# SUPPLIED ENTRIES
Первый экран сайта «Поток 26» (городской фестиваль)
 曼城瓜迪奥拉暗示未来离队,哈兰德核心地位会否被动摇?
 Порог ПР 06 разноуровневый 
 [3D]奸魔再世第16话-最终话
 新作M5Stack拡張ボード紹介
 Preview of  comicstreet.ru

# TASK TO COMPLETE
Reproduce, exactly and only, the lines running from the one with "Порог ПР 06 разноуровневый" to the end of the listing above.

# RESPONSE
 Порог ПР 06 разноуровневый 
 [3D]奸魔再世第16话-最终话
 新作M5Stack拡張ボード紹介
 Preview of  comicstreet.ru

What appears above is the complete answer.